• About this exercise: Each line from the one containing "Tuesday. (PTI) Police" through the final line below must be reproduced exactly, and no others.

-------- Data in this exercise

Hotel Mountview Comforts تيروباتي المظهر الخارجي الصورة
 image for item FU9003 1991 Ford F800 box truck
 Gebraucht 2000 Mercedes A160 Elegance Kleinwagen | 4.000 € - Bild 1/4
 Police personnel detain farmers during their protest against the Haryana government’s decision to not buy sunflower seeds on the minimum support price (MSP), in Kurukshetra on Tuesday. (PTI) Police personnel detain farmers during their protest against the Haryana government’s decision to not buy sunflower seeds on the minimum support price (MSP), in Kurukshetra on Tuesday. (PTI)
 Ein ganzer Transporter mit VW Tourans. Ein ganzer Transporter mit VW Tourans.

----------------

• Worked solution:
 Police personnel detain farmers during their protest against the Haryana government’s decision to not buy sunflower seeds on the minimum support price (MSP), in Kurukshetra on Tuesday. (PTI) Police personnel detain farmers during their protest against the Haryana government’s decision to not buy sunflower seeds on the minimum support price (MSP), in Kurukshetra on Tuesday. (PTI)
 Ein ganzer Transporter mit VW Tourans. Ein ganzer Transporter mit VW Tourans.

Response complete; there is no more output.